Alasan Dibalik Memilih Bahasa Melayu
Ada alasan kuat mengapa para tokoh pemuda memilih Melayu, bahasa yang berasal dan tumbuh di Sumatera. Sebab, dibanding Jawa, Melayu lebih pasaran atau rendah sehingga bisa dipelajari dengan cepat. Juga karena ia memakai huruf latin yang lebih awam digunakan. Bukan ha, na, ca, ra, ka…
Bahasa itu juga membantu para pemimpin berkomunikasi lintas suku tanpa menimbulkan masalah. "Karena Melayu bahasa asli kelompok kecil, tak akan dianggap ancaman terhadap identitas suku lain, termasuk Jawa."
Banyak juga dari kalangan orang Jawa yang tak setuju Bahasa Jawa, karena dianggap terlalu feodal. Termasuk Sukarno. "Bung Karno berpendapat, bahwa sukar kelak berbicara secara demokratis. Katanya macam-macam bentuk bahasa Jawa itu menyusahkan buat bergaul secara bebas, lagi sukar dipahami mereka yang tak berasal dari Jawa," tulis Abu Hanifah.
Ngoko, Kromo, Kromo Inggil – penggunaan bahasa Jawa sangat hirarkis. "Ada anekdote dari Bung Karno," tambah Abu Hanifah. "Seorang suami yang derajat sosialnya lebih rendah dari sang istri, harus bicara kromo dan dibalas dalam bahasa ngoko oleh si istri, saat berpacaran." Maka Prof Dr Poerbotjoroko memberi nasihat agar dipakai saja Melayu-Riau, yang masih bisa berkembang seperti dulunya Bahasa Inggris.

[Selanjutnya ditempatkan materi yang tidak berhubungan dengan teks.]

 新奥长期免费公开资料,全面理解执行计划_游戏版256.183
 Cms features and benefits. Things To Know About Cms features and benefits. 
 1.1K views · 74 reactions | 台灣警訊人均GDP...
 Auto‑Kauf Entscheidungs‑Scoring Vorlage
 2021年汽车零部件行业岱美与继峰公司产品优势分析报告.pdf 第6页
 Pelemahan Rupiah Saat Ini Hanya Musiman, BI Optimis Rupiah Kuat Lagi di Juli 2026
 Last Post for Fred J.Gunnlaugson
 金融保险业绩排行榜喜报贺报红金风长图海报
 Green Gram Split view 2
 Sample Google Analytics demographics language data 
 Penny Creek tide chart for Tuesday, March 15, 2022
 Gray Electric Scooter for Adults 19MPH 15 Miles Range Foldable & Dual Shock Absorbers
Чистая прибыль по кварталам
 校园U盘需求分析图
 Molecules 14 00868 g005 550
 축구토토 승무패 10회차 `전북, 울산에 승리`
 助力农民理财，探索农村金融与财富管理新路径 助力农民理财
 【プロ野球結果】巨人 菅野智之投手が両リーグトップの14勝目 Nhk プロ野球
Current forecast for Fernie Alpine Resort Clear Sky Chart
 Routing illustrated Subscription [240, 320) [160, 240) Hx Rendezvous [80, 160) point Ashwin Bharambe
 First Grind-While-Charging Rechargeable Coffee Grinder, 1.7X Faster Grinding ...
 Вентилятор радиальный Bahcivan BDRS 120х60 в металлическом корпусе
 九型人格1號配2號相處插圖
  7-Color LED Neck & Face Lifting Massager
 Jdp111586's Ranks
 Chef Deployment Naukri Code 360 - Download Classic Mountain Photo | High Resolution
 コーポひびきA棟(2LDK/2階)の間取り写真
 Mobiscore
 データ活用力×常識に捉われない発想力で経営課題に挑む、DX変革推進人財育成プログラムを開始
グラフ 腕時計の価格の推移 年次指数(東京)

Bahasa Melayu Riau yang dipilih, dan bukan Bahasa Melayu Pontianak atau Banjarmasin atau Samarinda, atau Maluku atau Jakarta (Betawi) ataupun Kutai. Pertimbangannya, pertama, suku Melayu berasal dari Riau. Sultan Malaka yang terakhir pun lari ke Riau selepas Malaka direbut oleh Portugis.
Kedua, sebagai lingua franca, Bahasa Melayu Riau yang paling sedikit terkena pengaruh misalnya dari bahasa Tionghoa Hokkien, Tio Ciu, Ke, ataupun dari bahasa lainnya. Penetapan sebagai bahasa persatuan Indonesia menambah gengsi Bahasa Melayu, meski para tokoh masih menggunakan bahasa Belanda dalam perbincangan sehari-hari.
Pada sisi lain, pemerintah kolonial melihatnya sebagai ancaman. Mereka memutuskan menghapus mata pelajaran Bahasa Melayu di Jawa pada 1930, dan di seluruh Hindia Belanda dua tahun kemudian. Penggunaan Bahasa Indonesia mewakili makin kuatnya keyakinan atas Tanah Air. Fraksi Thamrin mulai menggunakannya dalam perdebatan Volksraad pada 1938.